AVAILABLE DATA:

= = =

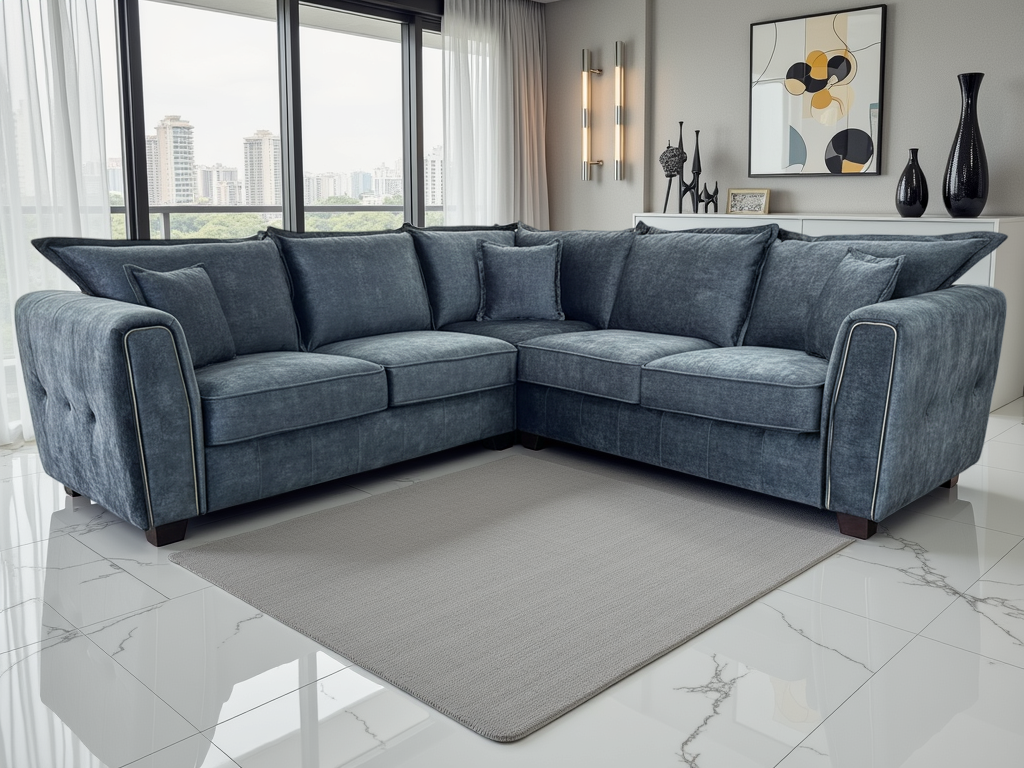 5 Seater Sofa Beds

= = =

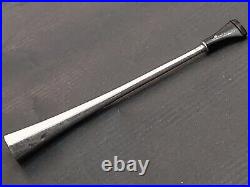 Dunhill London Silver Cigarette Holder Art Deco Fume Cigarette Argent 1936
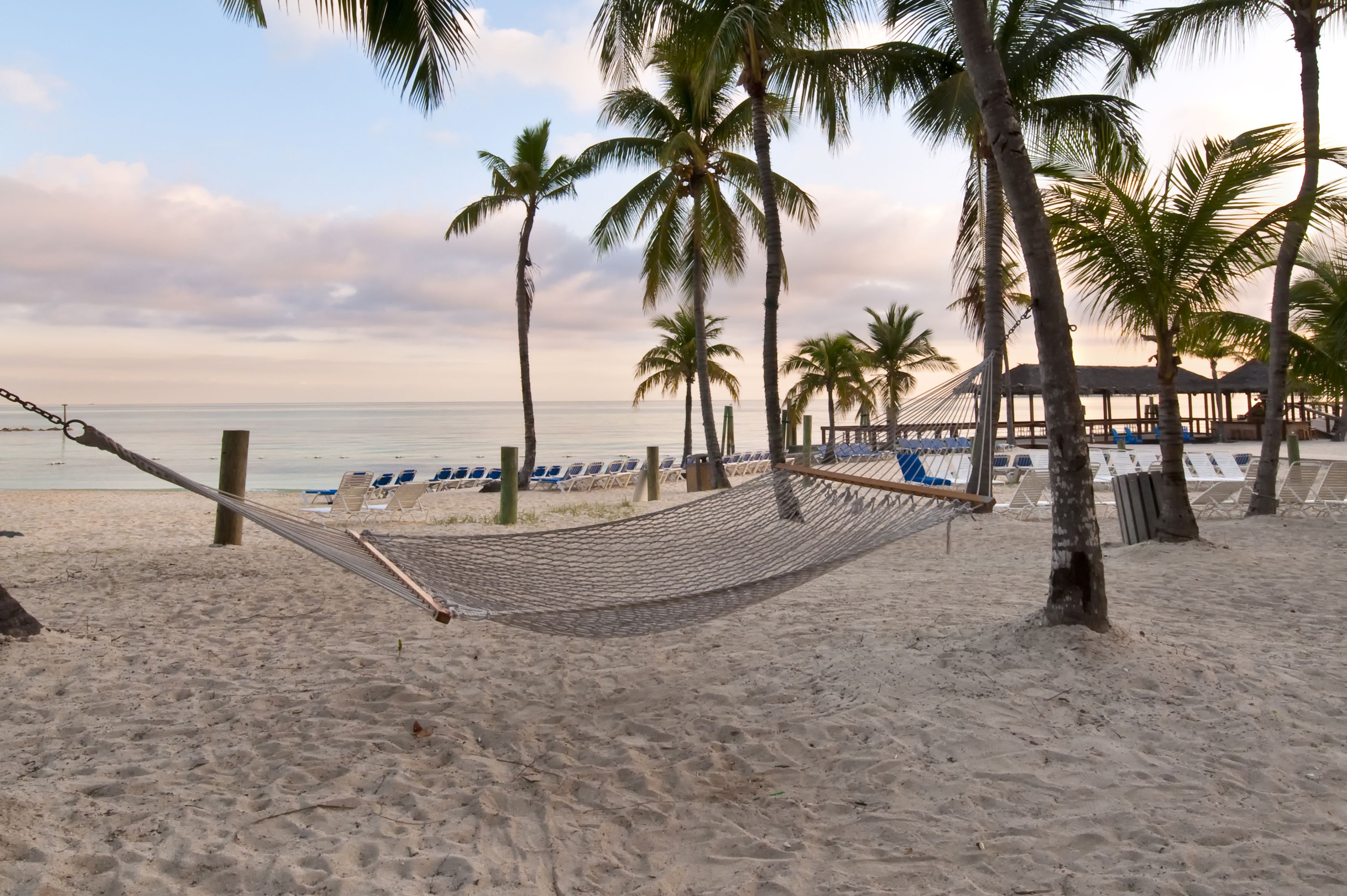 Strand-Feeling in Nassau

= = =

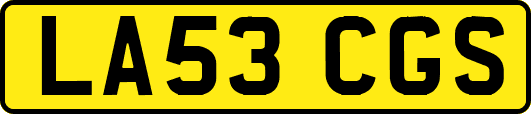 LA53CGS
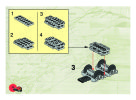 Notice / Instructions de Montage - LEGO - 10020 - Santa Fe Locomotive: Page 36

= = =

WORK ITEM: For this exercise, transcribe exactly the part of the records above that opens with the line containing "Dunhill London Silver" and closes with the one containing "Strand-Feeling in Nassau". Pictures are not part of the copy.

ANSWER TO THIS EXERCISE:
 Dunhill London Silver Cigarette Holder Art Deco Fume Cigarette Argent 1936
 Strand-Feeling in Nassau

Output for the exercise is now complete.